The European Parliament has ratified seven key accords between the European Union and Switzerland. The agreements cover a range of issues, including agriculture, transport and the free movement of people.This content was published on May 4, 2000 - 15:11
Brussels correspondent, Regula Schmid, says the ratification on Thursday was seen as the best possible solution to the question of Switzerland's relationship to the EU.
"Everyone understands that having Switzerland in the middle of Europe being isolated, is just no way forward. So, having noticed that Switzerland does not want to become a member yet, the only way out was the bilateral agreements and they have been negotiated for so long, that there is no opposition left. "
The vote follows a debate at the European Parliament late on Wednesday attended by 15 of the 626 deputies.
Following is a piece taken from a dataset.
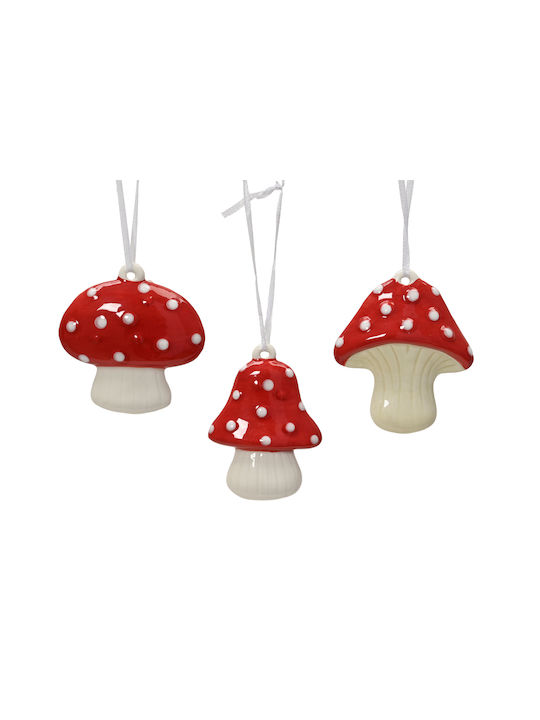Hanging Mushroom Ornament 7.1x8.4cm (Miscellaneous Designs)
All speakers in the debate called for the approval of the accords.
One leading official, Massimo Carraro, said ratification would give a clear vote of confidence ahead of a referendum on the accords in Switzerland on May 21.
Schmid said that, during the discussions, the deputies stressed the need to put Switzerland's economic ties with the EU on a more solid basis.
"Everybody said how important it was to open the way for economic integration of Switzerland into the European market, without pre-judging any political actions, such as integration."
However the EU Commisssioner for foreign affairs, Chris Patten, did raise concerns about the problem of transit fraud and cigarette smuggling, or fiscal crimes within Switzerland, and said he would discuss those issues with the Swiss foreign minister, Joseph Deiss.
Besides the nationwide referendum in Switzerland later this month, there are still other hurdles. The parliaments of all 15 member countries of the EU have to ratify the agreement on the free movement of people, before all the treaties can enter into law.
Some EU countries, including Spain, Portugal and Italy, have criticised what they consider Switzerland's delay in cementing relations with the EU.